MAF vs Zone 2: What's the Difference?
Enter your age to see how your personalized MAF heart rate zone compares to a generic Zone 2 estimate. Two approaches, one number to compare.
Understanding MAF Training vs Zone 2 Training
What is MAF Training?
MAF stands for Maximum Aerobic Function. Developed by Dr. Phil Maffetone over four decades of clinical work with endurance athletes, the MAF method uses the 180 Formula to calculate a personalized aerobic heart rate ceiling. The formula starts with 180 minus your age, then applies adjustments based on your health history, training consistency, injury status, and medication use. The result is an upper limit specific to you, not a generic number shared by everyone your age.
Your MAF training zone is the 10 bpm window below that ceiling. All easy runs, base-building sessions, and recovery workouts should stay within this range. Over months of consistent MAF training, your pace at the same heart rate improves, a measurable sign that your aerobic system is getting stronger. Six-time Ironman World Champion Mark Allen famously used this method to build the aerobic engine that powered his career.
What is Zone 2 Training?
Zone 2 is part of the traditional five-zone heart rate model. It is typically defined as 60-70% of your estimated maximum heart rate, calculated using formulas like Tanaka (208 - 0.7 x age).

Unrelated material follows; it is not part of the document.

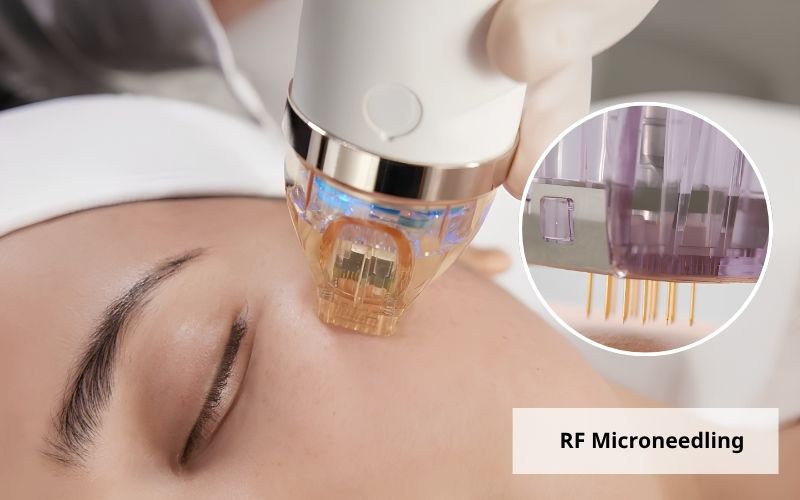 RF Microneedling sử dụng các đầu kim siêu nhỏ đưa năng lượng vào bên trong da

Zone 2 training targets the same goal as MAF: building aerobic fitness, improving fat oxidation, and increasing mitochondrial density. The difference is in how the target heart rate is determined.
Because Zone 2 is a percentage of an estimated max HR, it treats every person of the same age identically. A 35-year-old recovering from surgery and a 35-year-old competitive marathoner would get the exact same Zone 2 range. The formula has no mechanism to account for health status, training history, or current fitness level.
Why They Differ
The key difference is personalization. MAF adjusts for real-world factors: illness, injury, medication, training gaps, and competitive experience. For healthy, consistently training athletes, MAF and Zone 2 often land within 5-10 bpm of each other. But for athletes dealing with health challenges, returning from injury, or starting a new training program, the MAF number can be 15-25 bpm lower than Zone 2. That difference matters because training too high when your body needs recovery defeats the purpose of aerobic base building.
When to Use Each Approach
If you have a clean bill of health and have been training consistently for years, either approach will get you in the right ballpark. Zone 2 is simple to calculate and widely understood. If you have any health considerations, are returning from a break, or want a method that adapts to your individual situation, MAF is the better starting point. Many coaches use MAF for the initial aerobic base phase and then layer in Zone 2 and higher-zone work as fitness develops.